Claims made as a result of injuries or damages caused by inebriated persons can be steep. For this reason, liquor liability insurance is recommended to protect such establishments from potential financial losses arising from litigation involving alcohol-related damages. To this end, many states now require businesses who sell alcohol to carry liquor liability coverage.
Liquor liability insurance is typically sold as a standalone liability policy or as a rider add-on to a commercial liability policy. It’s important to note, that your standard liability policy provides limited coverage for alcohol-related liability claims.
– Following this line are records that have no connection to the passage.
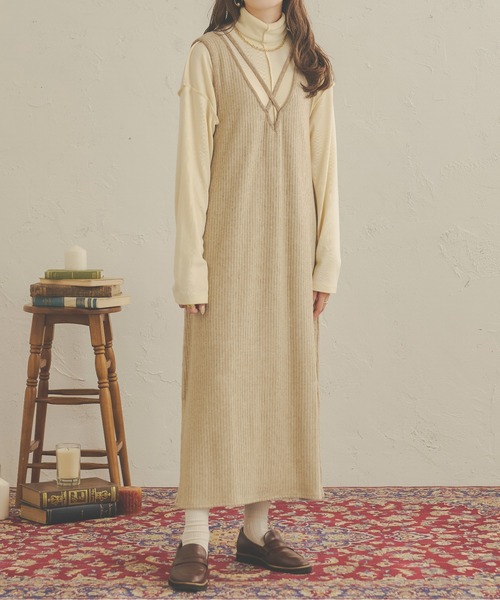 Ambre Neige（アンブルネージュ）の「メランジテレコノースリ－ブワンピース／【WEB/EC限定商品】（ワンピース・レディース・ライトブラウン/ベージュ・FREE）」の6枚目の写真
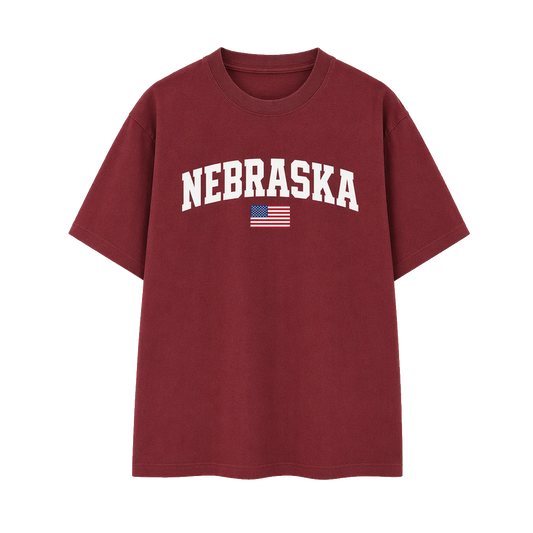 Collection 2 Nebraska Essential Cotton T-Shirt - Wine Gray front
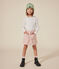 Tee-shirt manches longues coton  enfant fille blanc MARSHMALLOW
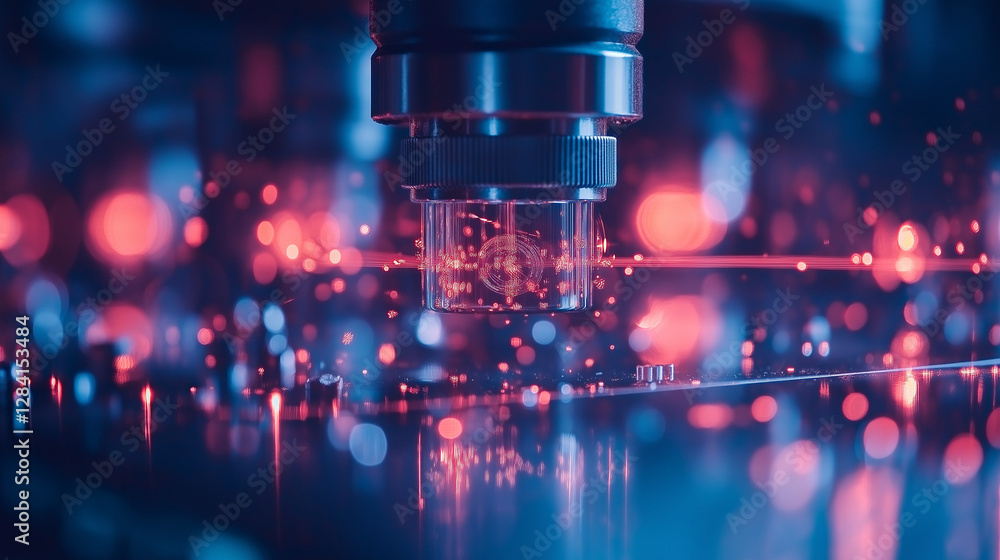 Poster precision at work: a cutting-edge view into the high-tech precision machining process, with an indus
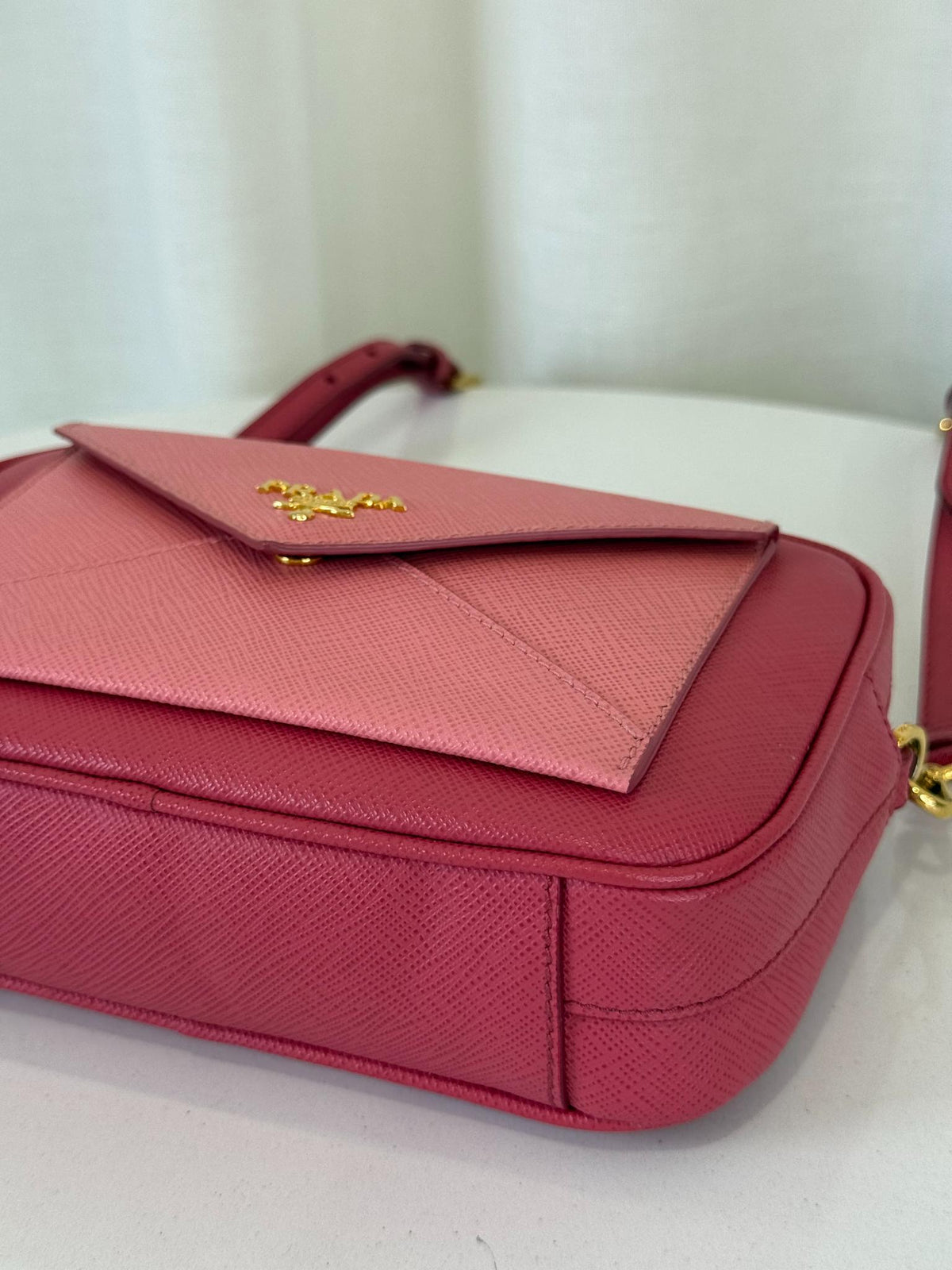 Prada Pink Saffiano Leather Envelope Crossbody Bag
A liquor liability policy will not cover sales that are sold to minors or otherwise illegal.
Liquor Liability Insurance Coverage
- Assault and Battery Coverage. As you might expect, the lion’s share of alcohol-related claims filed against restaurants, bars, taverns, and hotels are the result of fights or altercations. Therefore, make sure that your liquor liability policy includes assault and battery coverage.
- Litigation Defense Costs. Liquor liability coverage typically includes the cost of retaining a lawyer as part of the policy’s defense costs coverage. Make sure your policy includes this coverage, and that the coverage limits are generous.
- Employee Coverage. Your liquor liability insurance will cover injuries to patrons or others for which you are found liable. It is a good idea to make sure your employees are covered as additional insured’s as well.
- Mental damages. Another key coverage of liquor liability insurance is mental damages. Because injured patients often seek damages for stress, psychological, or mental damages, be sure that your insurance policy covers this type of claim.
In addition to purchasing liquor liability insurance, businesses should take proactive measures to limit their exposure to alcohol-related claims. These include training employees to refuse serving alcohol to intoxicated patrons, requiring employees to follow careful measuring when mixing a drink, and refusing to serve alcohol to patrons known to be abusive or violent.